Managing Batteries for Warehouse Logistics

Batteries have become our trusted travel companions; they serve important functions but are a poorly understood as a power source. Batteries work well when new and confidence falls after the first packs fade and need replacing. In time, the battery fleet becomes a jumble of good and bad batteries, and that’s when the headache begins.

Batteries exhibit human-like qualities. They need good nutrition, prefer cool temperature, but suffer from abuse. Care begins by operating them at cool temperatures, using moderate charge rates and going easy on discharge. It is better not to run batteries down too low but to charging them more often. Avoid ultra-fast charging and harsh loading conditions. There is some truth to why well-cared batteries outperform neglected ones; studies can back this up.

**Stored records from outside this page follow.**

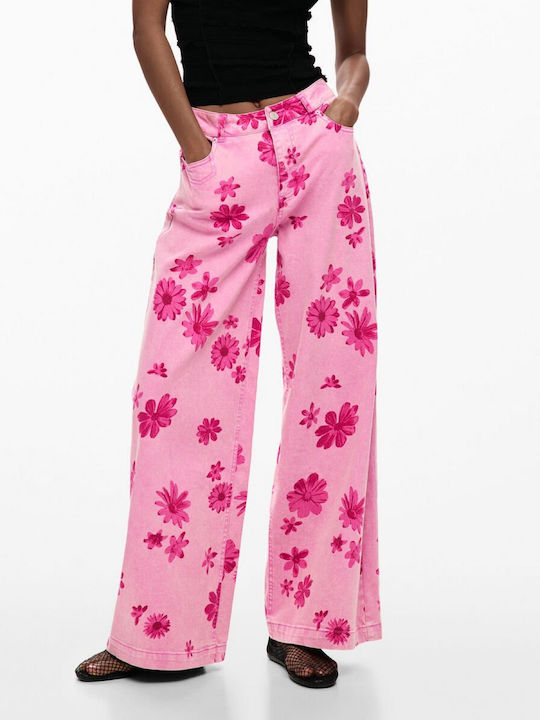 Desigual Desigual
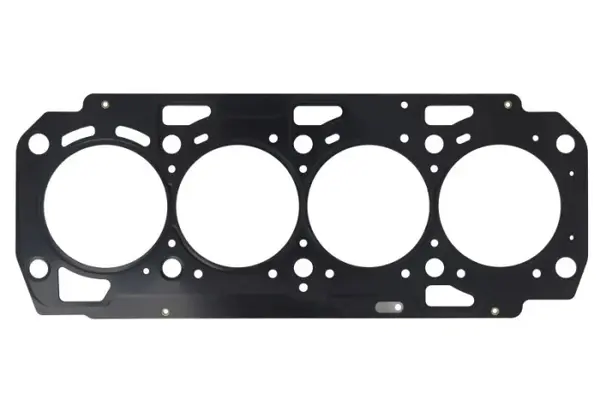 Garnitura chiuloasa (grosime: 1,05mm) potrivit CHEVROLET CRUZE, MALIBU; OPEL ASTRA J, ASTRA J GTC, CASCADA, INSIGNIA A, INSIGNIA A COUNTRY, ZAFIRA C; SAAB 9-5 2.0D 07.08-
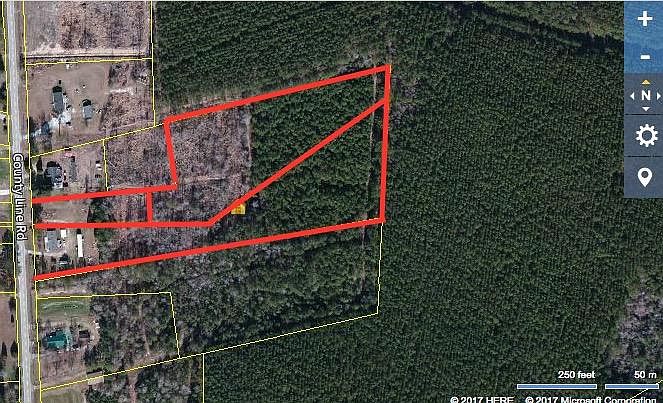 2nd image of 1807 County Line Rd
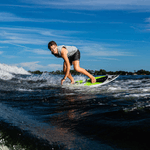 PHASE5-WAKESURF-AKU-V2---Aku-V2.jpg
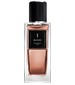 Yves Saint Laurent Blouse Impertinent Rose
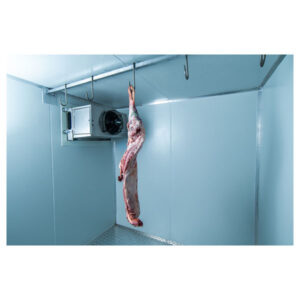 Isowall-coldkit-&-freezerkit-inside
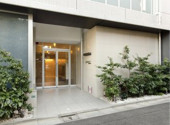 マンション・店舗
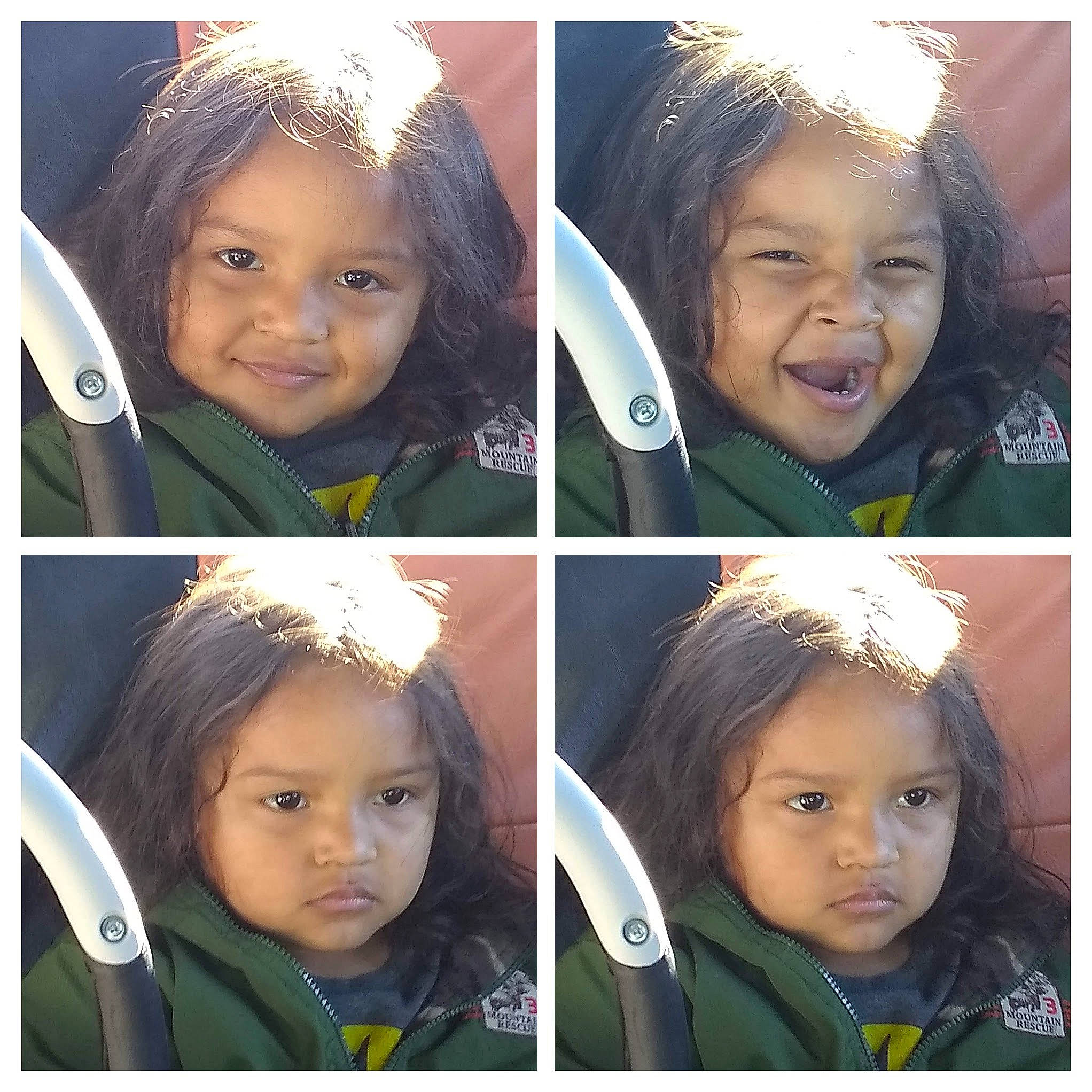 Alejandro joined the competition — help win amazing prizes! cheek, child, chin, ear, eye, eyebrow, face, facial_expression, forehead, hair, hairstyle, happy, head, headwear, joy, lip, nose, organ, person, photography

Battery charging is generally well understood, but the “ready” light is misconstrued. Ready does not mean “able.” There is no link to battery performance, nor does the green light promise a full runtime. Batteries always charge completely, even the weak ones, and ready simply means that the battery is full. With age, the ability to hold charge shrinks and the charge time shortens. This causes faded batteries to gravitate to the top, disguised as combat ready. System collapse is imminent when workers scramble for freshly charged batteries in an emergency. Those glowing ready may be deadwood. (The charge time of a partially charged battery is also short.)

The amount of energy a battery can hold is measured in capacity. Capacity is the leading health indicator that determines runtime and predicts end-of-battery-life. A new battery is rated at 100%, but few packs in service deliver the full amount: a workable capacity bandwidth is 80–100%. As a simple guideline, a battery on a portable device having a capacity of 100% typically provides a runtime of ten hours, 80% is eight hours and 70% seven.

The service life of a battery is specified in number of cycles. Lithium- and nickel-based batteries deliver between 300 and 500 full discharge/charge cycles before the capacity drops below 80%. Cycling is not the only cause of capacity loss; keeping a battery at elevated temperature also induces stress. A fully charged Li-ion kept at 40°C (104°F) loses about 35% of its capacity in a year without even being used. Ultra-fast chargers and punitive discharging is also harmful, causing a cut in battery life to half, and hobbyists can attest to this.

Battery Maintenance

Batteries are commonly serviced on a battery analyzer. These instruments became popular in the 1980s to restore nickel-cadmium batteries affected by “memory.” With memory absent in Li-ion, the purpose of a modern battery analyzer is to keep fleet batteries at an acceptable performance level and to retire them when low. Device manufacturers endorse battery analyzers, knowing that well-performing packs reflect positively on their devices, a win-win situation for both parties.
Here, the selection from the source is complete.